今まで木の枝のように見えていた物は両腕両足に、今日送られて来た写真の木の板のような物は胴体になった。全て人体の一部だった。Aは凍りついた。何故このような物が送られて来るのか…Aは心当たりがないかと必死で思い出そうとした。暫く考えていたところ、Aはある気になる事を思い出した。
昔AがM県N市に住んでいた時の話です。M県N市のAの実家の近くの公園で女性のバラバラ死体が発見されたのです。朝早くに公園を散歩していた人に発見されたそうです。
死体の各部分は公園のいたる所に設置されていたゴミ箱からそれぞれ発見されました。あるゴミ箱からは右腕、あるゴミ箱からは左足、といった感じに。しかし両腕両足は発見されたものの、今も頭部だけが発見されていないそうです。

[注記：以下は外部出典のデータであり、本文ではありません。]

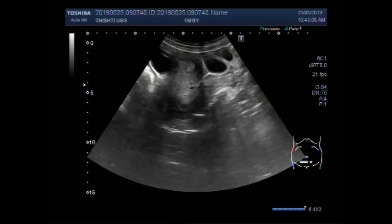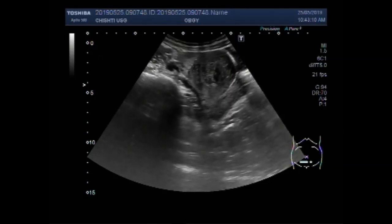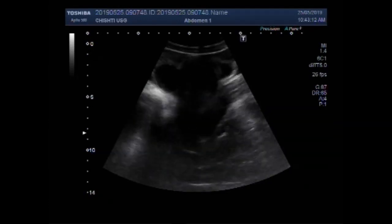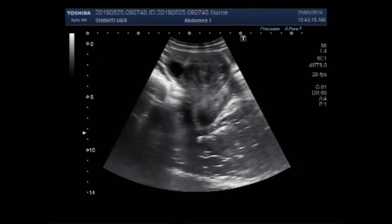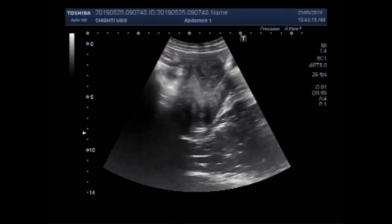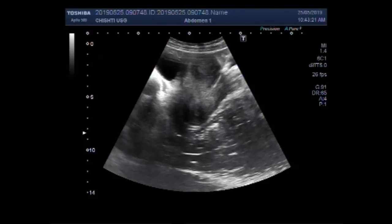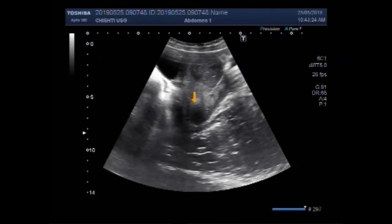Dear viewers, now you can see another video showing a uterine mass along with an ovarian cyst. You can see the uterus — an anteverted uterus — and the uterus and cervix.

Aはこの事件が関係しているのではないかと疑い始めた。しかしAには関係の無い話でした。自分が殺した訳でも無いのに何故私がこんな思いをするのか。しかし「バラバラ」に送られて来る写真。あの事件と関係があるかも知れない。しかし何故私が?
考えてもしかたなかった。だが疑いは残ったままで、恐怖も残ったまま。どうしたらいいんだ。
結局Aは解決できなかった。
そして頭部の写真だけは現在も送られて来ていないという…
読んで頂きありがとうございました。